■ **COLLECTED MATERIAL**

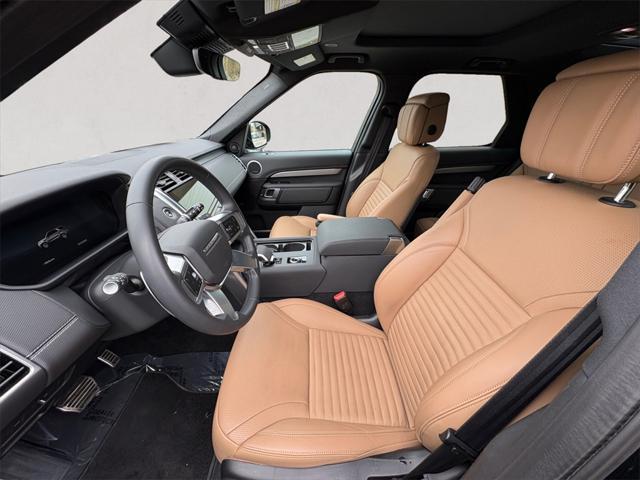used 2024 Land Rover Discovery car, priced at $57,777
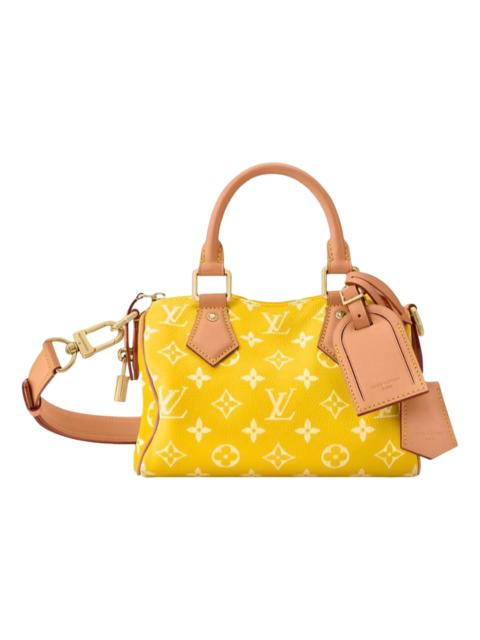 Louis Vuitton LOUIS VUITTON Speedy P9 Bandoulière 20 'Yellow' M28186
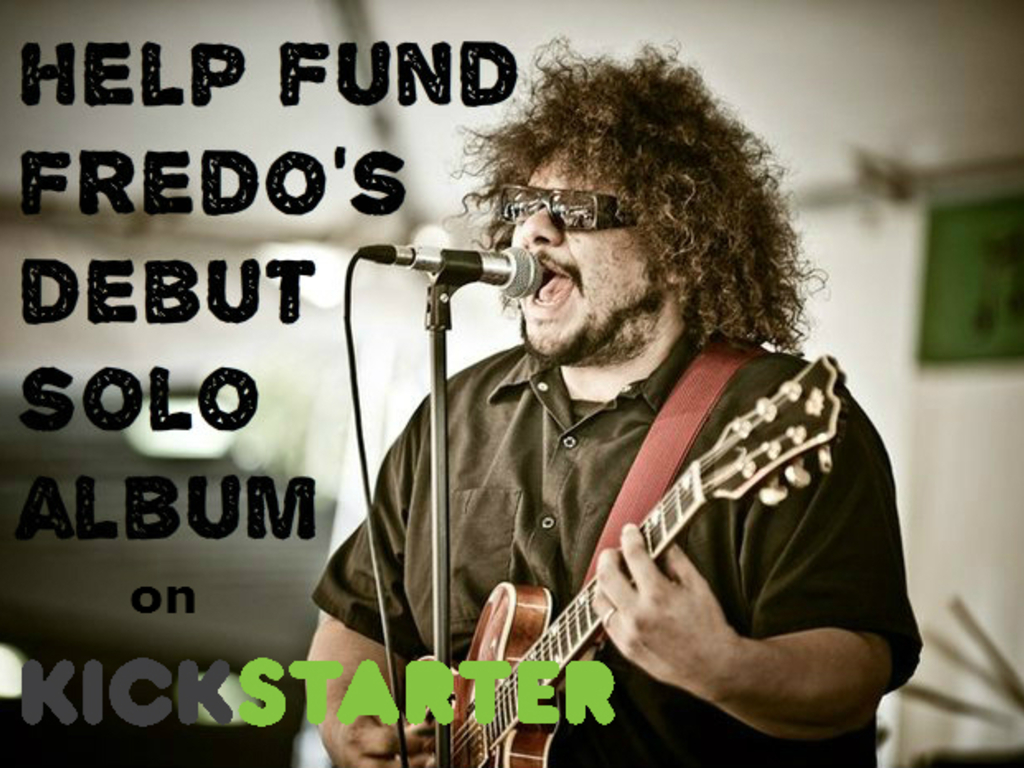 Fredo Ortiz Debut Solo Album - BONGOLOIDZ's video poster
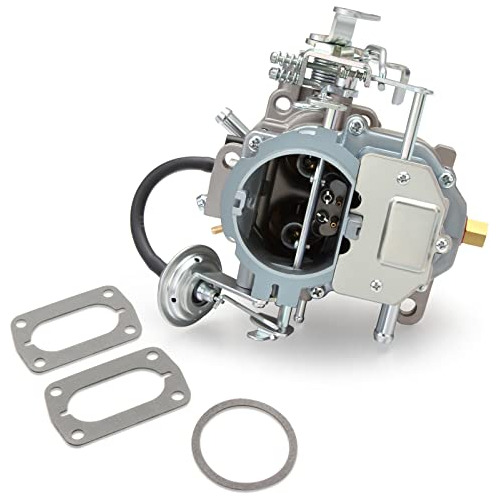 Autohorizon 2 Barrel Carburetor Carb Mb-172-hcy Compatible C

■ **WHAT THE EXERCISE ASKS**
Write out the material above exactly, and omit the pictures it holds.

■ **EXERCISE OUTPUT**
used 2024 Land Rover Discovery car, priced at $57,777
 Louis Vuitton LOUIS VUITTON Speedy P9 Bandoulière 20 'Yellow' M28186
 Fredo Ortiz Debut Solo Album - BONGOLOIDZ's video poster
 Autohorizon 2 Barrel Carburetor Carb Mb-172-hcy Compatible C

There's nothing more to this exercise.